Correction to above chart labels: Roman Warm Period and Medieval Warm Period.
Interesting article on the ecology of Norse settlement in Iceland and Greenland with analysis of Norse farm economies, meat and grain choices, land management, and their impact on long-term settlement viability.
http://www.uio.no/studier/emner/hf/ikos/MAS2300/v05/undervisningsmateriale/Pensum/Vesteinsson%20et%20al%202002%20-%20Enduring%20Impacts%20Viking%20Settlement.doc
MarkW says:
June 1, 2011 at 4:23 am
“I’ve been wondering. The super nova that caused the Crab Nebula was spotted by the Chinese in 1054, it was bright enough to be seen during the day for a short time. The Crab Nebula is 6500 light years away. Gamma rays traveling at 99% of the speed of light would have arrived 65 years later. Those traveling at 90% of the speed of light would have arrived 650 years later. So gamma rays from this nearby super nova would have been arriving during the period of the little ice age. Coincidence? ”
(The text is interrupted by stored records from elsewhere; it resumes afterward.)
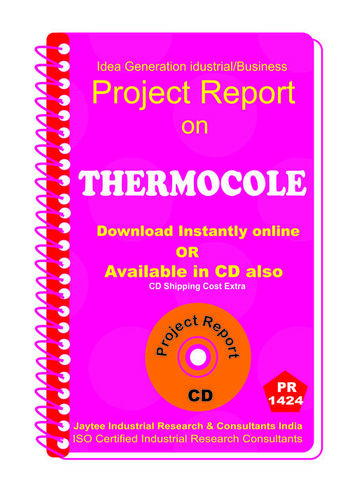 Thermocole manufacturing Project Report eBook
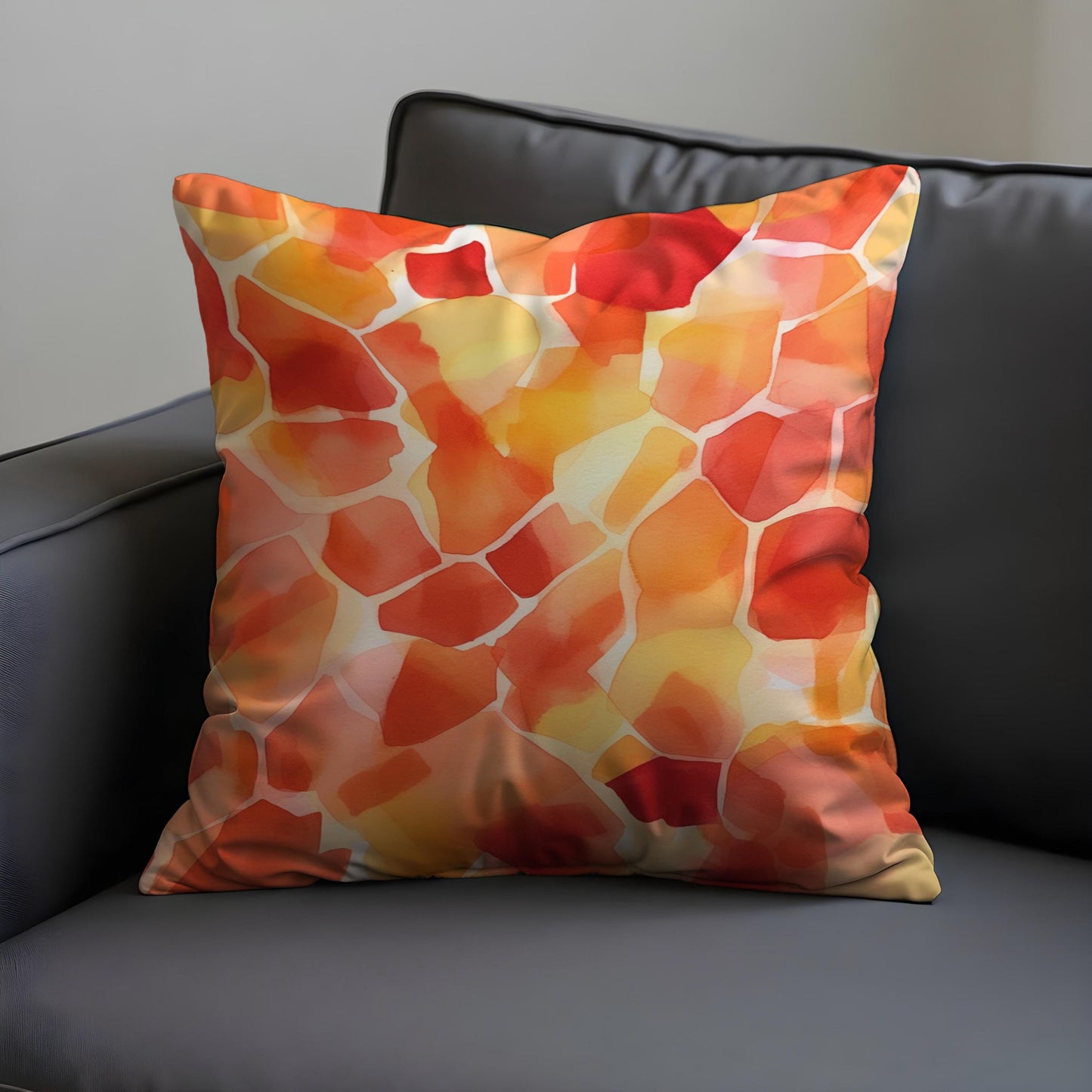 Abstract Mosaic Cushion Cover, Watercolor Pillow Case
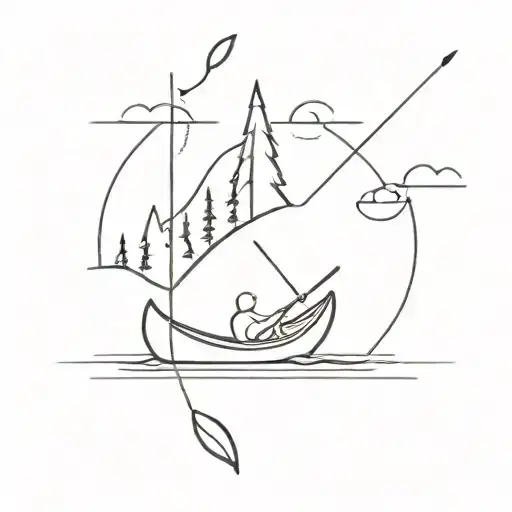 canoe tattoo design idea
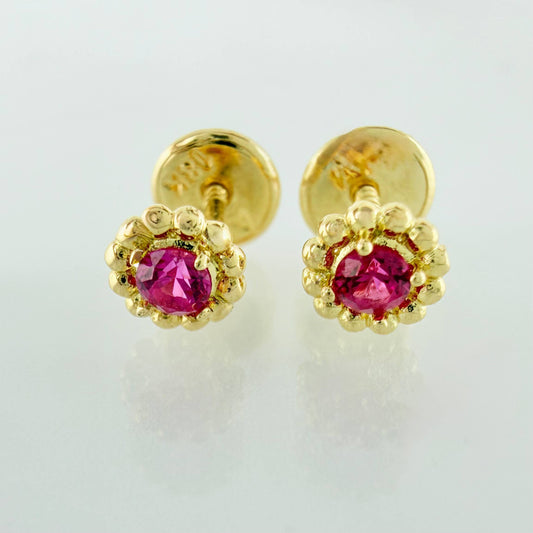 Topos Flor Girasol 0.8gr / 5mm Oro Amarillo 18K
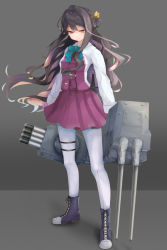 Rule 34 | 1girl, black hair, blue ribbon, boots, cannon, closed mouth, commentary request, cross-laced footwear, from side, full body, grey pantyhose, gun, hair between eyes, hair ribbon, half-closed eyes, hand in own hair, hand up, highres, holding, holding gun, holding weapon, kantai collection, lace-up boots, long hair, long sleeves, looking at viewer, momin, multicolored hair, naganami (kancolle), neck ribbon, pantyhose, ponytail, ribbon, rigging, shirt, sidelocks, simple background, smile, solo, standing, torpedo tubes, wavy hair, weapon, white pantyhose, white shirt, yellow eyes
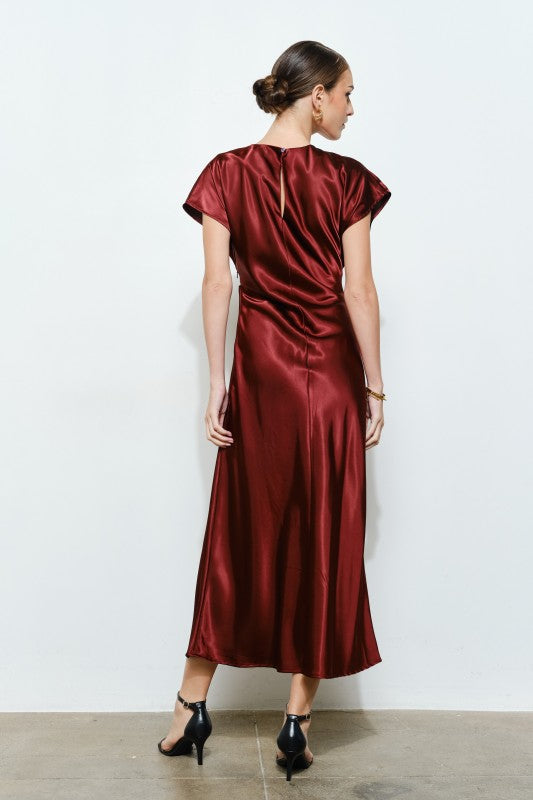 Cap Sleeve Satin Maxi Dress
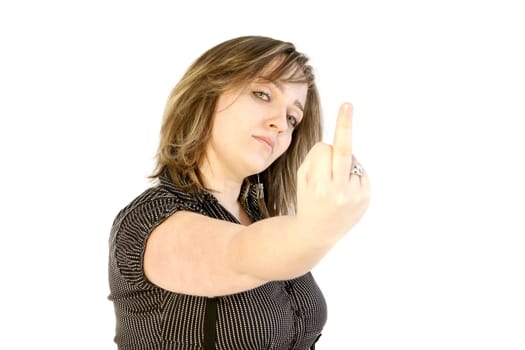 furious blonde with finger on in studio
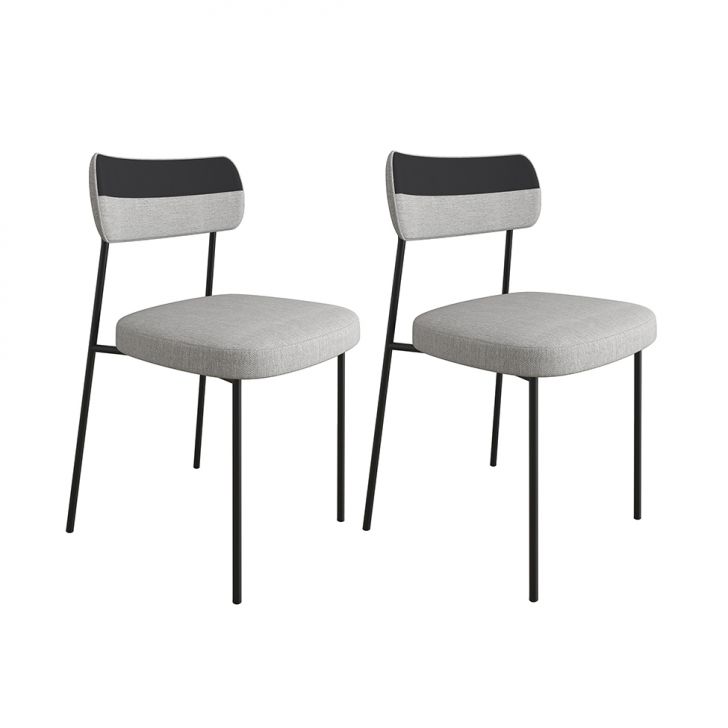 Conjunto com 2 Cadeiras Mona Linho Cinza e Preto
A tantalizing correlation! Thanks for that thought provoking inference….
Leif.
and dont forget Cosmic rays are such a tiny tiny trace element they could not possibly have any effect.
It’s funny to take a sceptical argument like “Co2 is a trace gas” and apply it to cosmic rays.
The answer to Greenland’s warming and cooling is simple to me – plate tectonics. Obviously Greenland is on its own plate that moves north and south relatively rapidly (geologically speaking), sometimes very rapidly. Greenland had moved south enough to cause the warming allowing the Viking settlements, and then moved north again causing the cooling that extinguished those settlements.
Can I have my Nobel Prize now?
steven mosher says:
June 1, 2011 at 11:55 am
It’s funny to take a sceptical argument like “Co2 is a trace gas” and apply it to cosmic rays.
What is worse is to apply it when there is not even a demonstrated correlation.
You are forgetting the third thing which is the one with the most effect, namely the strength of the Earth’s magnetic field.
—
Everything that I have read states that the Earth’s magnetic field is too localized to deflect cosmic rays. They are coming in at 90 to 99% of the speed of light. By the time they reach a region where the earth’s magnetic field becomes measurable, they are mere microseconds from impacting the atmosphere. The earth’s field is not strong enough to completely deflect such particles in such a short time frame.
Roman Warm Period, (and whatever followed, for how long?) Medieval Warm Period, Little Ice Age. Dates, please?
Robert says:
June 1, 2011 at 7:36 am
“One of the signatures of greenhouse warming is that it is bipolar. ”
Now THAT is a T-Ball set up for any number of snarky comedic responses! ROTFLMAO!!!
It is important to remember that Vikings acquired art of sailing after they rowed their boats to Ireland, took sailing lessons and were taught the route to Greenland and North America by St. Brendan the Navigator.
Kelvin Vaughan,
They are going to the North Magnetic Pole, not the North Pole.